Delegate Don Scott, D-Portsmouth was nominated after Democrats won control of the House in November 2023 and he won with a unanimous vote. He was sworn in during the opening of the 2024 session of the Virginia General Assembly at the Capitol in Richmond, VA on Wednesday, January 10. It was satisfying to see EVERYONE in the Capitol stand and applaud. No partisan showoffs grandstanding for attention. His speech was both funny and touching.
His 88-year-old mother, wife, and 15-year-old daughter were in attendance. As he was speaking about his mother, he got a little teary and said, “I know I’m a little soft right now, but I’m tough,” to laughs from the audience. He also paid homage to the people who came before him and those who helped him get to where he is, including the enslaved Virginians who helped build the Capitol.
His story isn’t an easy one and his path to become an elected official isn’t straightforward. He served in the Navy as a surface warfare officer and then entered law school. In 1994, during his third year in law school, he was arrested on drug charges. He was able to complete law school before serving nearly eight years in prison. Upon release he became a case worker for a workforce program. Eventually, he took the bar exam and became a partner in a law firm where he still works today. He was elected to the House of Delegates in 2019 and was elected as House Minority Leader in 2022.

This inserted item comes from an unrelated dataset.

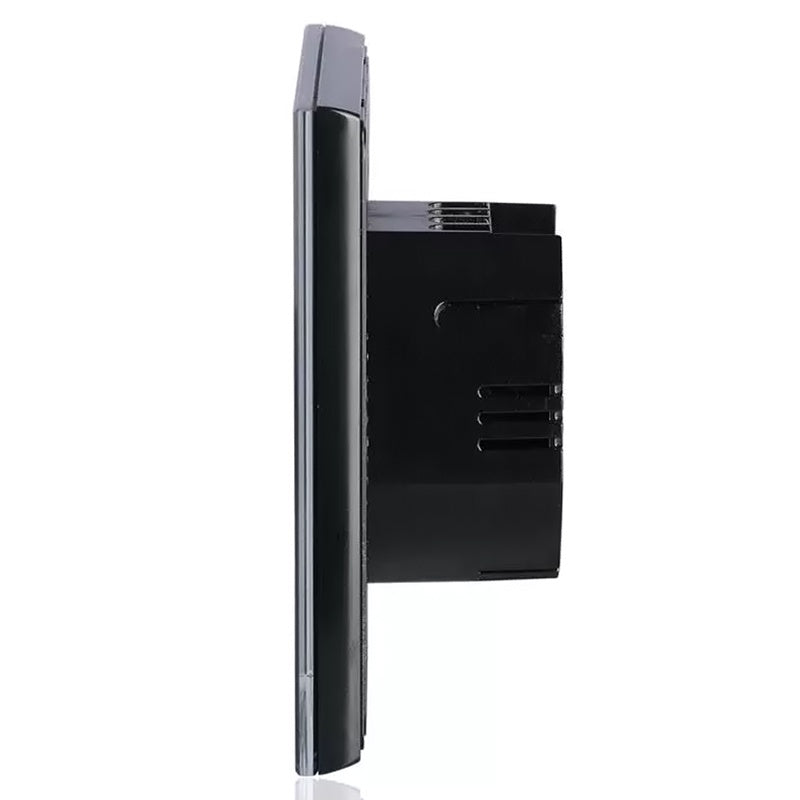 Intrerupator Dublu Din Sticla Cu Touch, Negru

Some of his priorities are protecting abortion rights, gay marriage, raising the minimum wage and restoring voting rights for felons who have fulfilled their penalties
On CBS Mornings, Scott said, “Damaged goods can sometimes turn out to be OK. And we’re a lot more interesting than the people who followed all the rules and did everything perfect.”
Sore Loser Rule
A Virginia General Assembly Senate committee is grappling with how to strengthen the commonwealth’s so-called “sore loser law,” rules that govern candidates who refuse to accept defeat in the primaries. The current law says that if you’ve run in a primary and lost, your name cannot be printed on the general-election ballot.
People who have run in Democratic and Republican primaries have threatened to or actually run write-in campaigns instead of supporting the candidate who won their primary. Sen. Bryce Reeves, R-Spotsylvania, argues that pursuing a write-in campaign is a way to skirt the law, so he filed a bill that would include write-in campaigns in the sore loser law.

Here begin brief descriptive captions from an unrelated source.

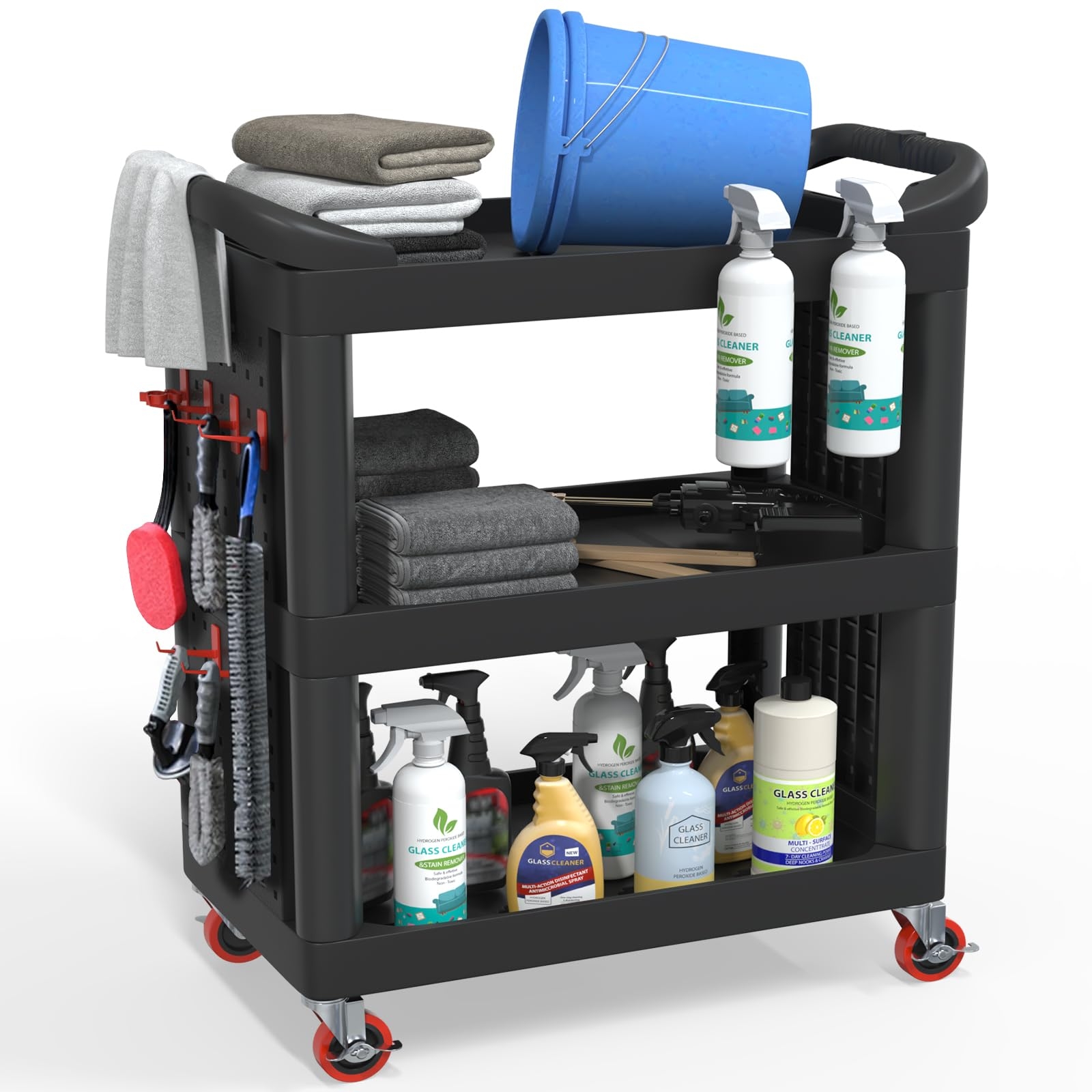 Wanmwill 3 Tier Car Detailing Cart, Auto Detail Cart with Wheels, Car Wash Detail Trolley with Side Hanging Plate & Hooks, Detailing Tool Organizer Cart for Mechanics & Detailers（Black）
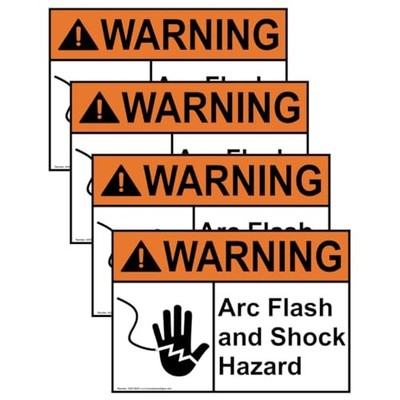 .com Warning Arc Flash and Shock Hazard ANSI Safety Label Decal, 5x3.5 inch 4 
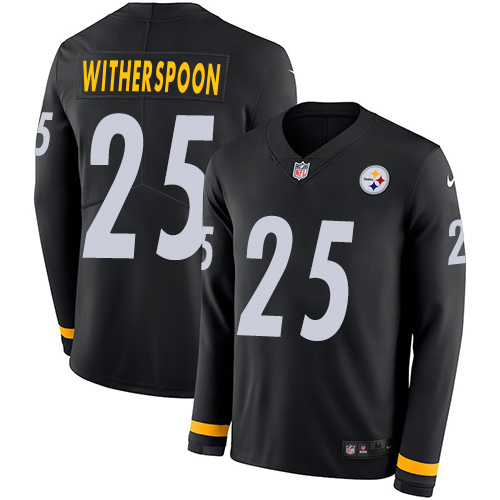 Steelers #25 Ahkello Witherspoon Black Team Color Men's Stitched Limited Therma Long Sleeve Jersey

Democrats were wary of this proposal, not wanting to take away voters’ rights to write-in a candidate of their choice. They voted against this bill.
The committee did vote to close a loophole in the current law. Technically, a candidate isn’t considered defeated in the primary if they formally drop out before election day, even if it’s after early voting has begun. This really happened last year. A candidate for the Roanoke County Board of Supervisors ran as a Republican for most of the 45-day early voting window, only to officially withdraw at the last minute and file to run in the general election as an independent.
Sen. David Suetterlein, R-Roanoke, said this could leave Virginia open to dirty politics. His bill details that any failed candidate who appears on a primary ballot cannot also appear on the general-election ballot. This measure passed with a vote of 10-4.
These clarifications are necessary because “sore losers” are looking for loopholes and even filing lawsuits to try to keep their campaigns alive.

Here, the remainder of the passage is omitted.